Self-scheduling follow-up MCP server for AI agents - checks later, retries with backoff, and notifies when work resolves.

Tagline: No cron. No gateway. No external scheduler.

License: MIT Python 3.12+ Tests


30-second demo

Input: an AI agent starts work that cannot be verified immediately.

vigil can:

  1. schedule a follow-up check,
  2. wait using its internal scheduler,
  3. run the check later,
  4. retry with backoff if it fails,
  5. expire stale loops,
  6. notify through file, webhook, chat, push, SMS, or email channels,
  7. expose status through MCP tools and CLI.
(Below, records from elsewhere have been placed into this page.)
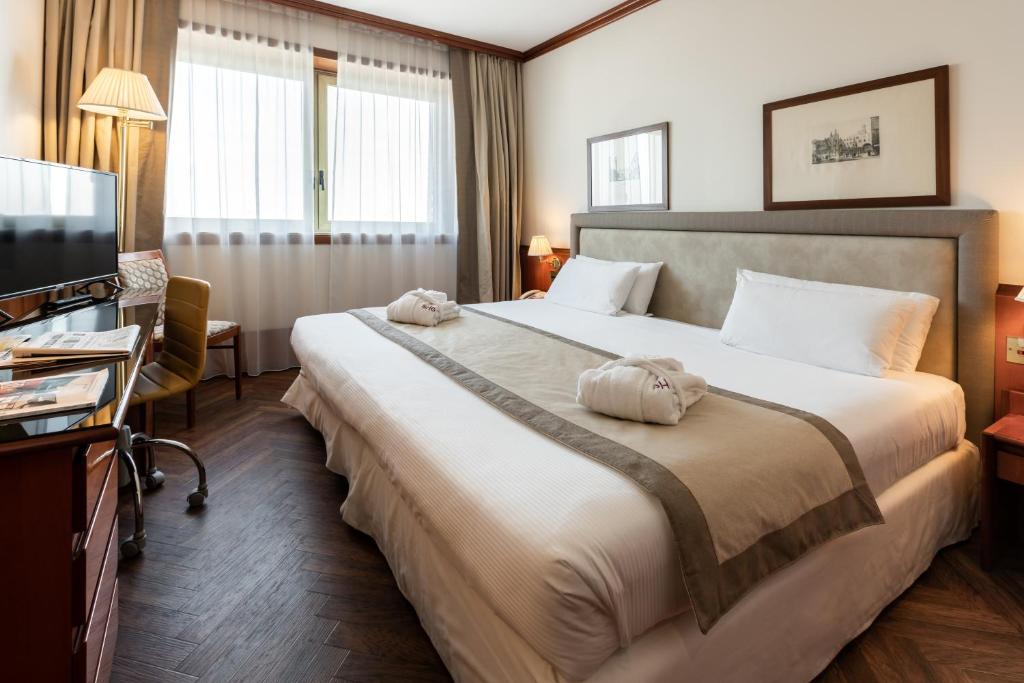 圣马尔蒂诺博纳尔贝尔戈Hotel Catullo的酒店客房设有一张大床和一台电视。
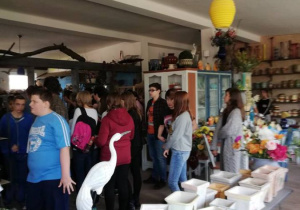 Zdjęcie przedstawia uczniów na tle wyrobów ceramicznych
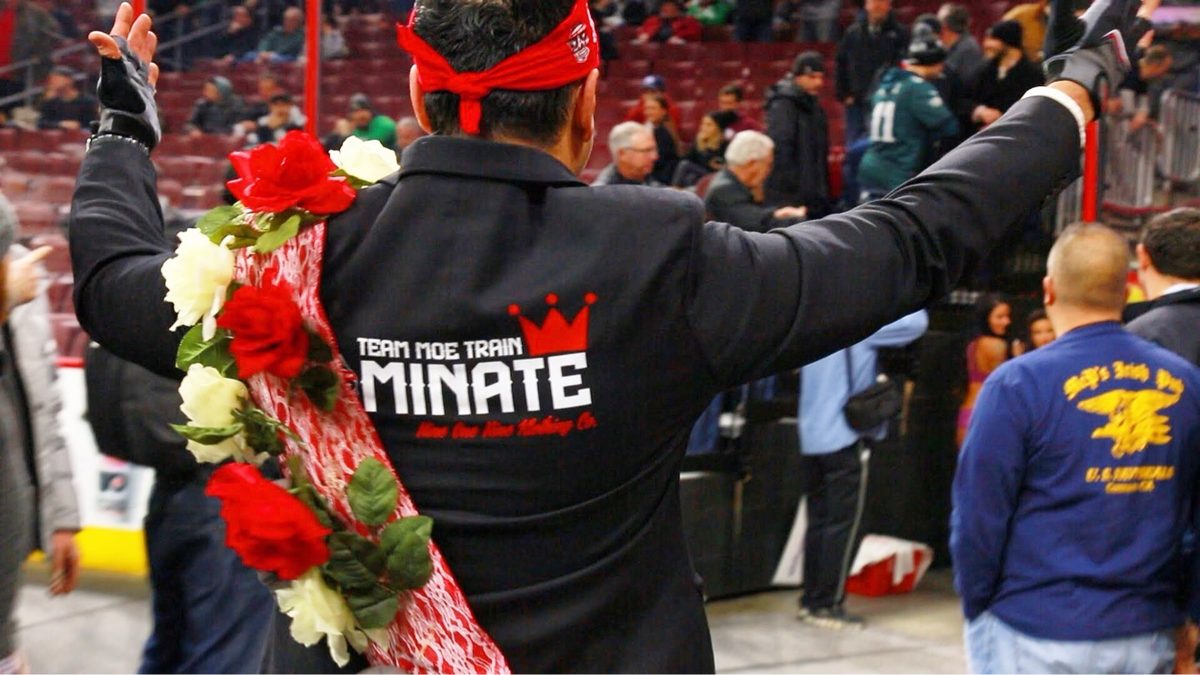 Back of Moe's Team Moe Train jacket as he faces the Wing Bowl crowd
Result: the agent does not need to remember to come back later.

vigil follow-up loop

Before -> after

Before

An agent says:

I'll check later if the build finished.

But the session ends, context disappears, and nobody checks.

After

vigil creates a durable loop:

schedule -> wait -> check -> retry/backoff -> notify -> close

See examples/follow-up-loop/ for a compact follow-up loop example.

Who this is for

vigil is for people building AI agents, MCP workflows, local automation, deployment checks, build monitors, or operational loops where work needs to be checked after the current session has moved on.

It is especially useful when an agent triggers something asynchronous and needs a durable responsibility layer instead of a fragile reminder in chat history.

What vigil is not

vigil is not a general-purpose task manager.

It is not meant to replace a full observability stack, queue system, or enterprise scheduler. It is a compact MCP-native follow-up layer: schedule a check, keep the loop alive, retry with backoff, record history, and notify when the state changes.

What is vigil?

vigil is a standalone self-scheduling follow-up system for AI agents. No external scheduler, no gateway, no cron — it manages follow-up loops internally.

It closes a common agent gap: agents often start work whose result cannot be known immediately. vigil turns that future responsibility into a concrete loop with timing, checks, retries, expiry, history, and notifications.

Why it matters

AI agents are often good at starting work but weak at returning later. Builds finish, deployments settle, files appear, services become healthy, and async operations complete after the original session context has moved on.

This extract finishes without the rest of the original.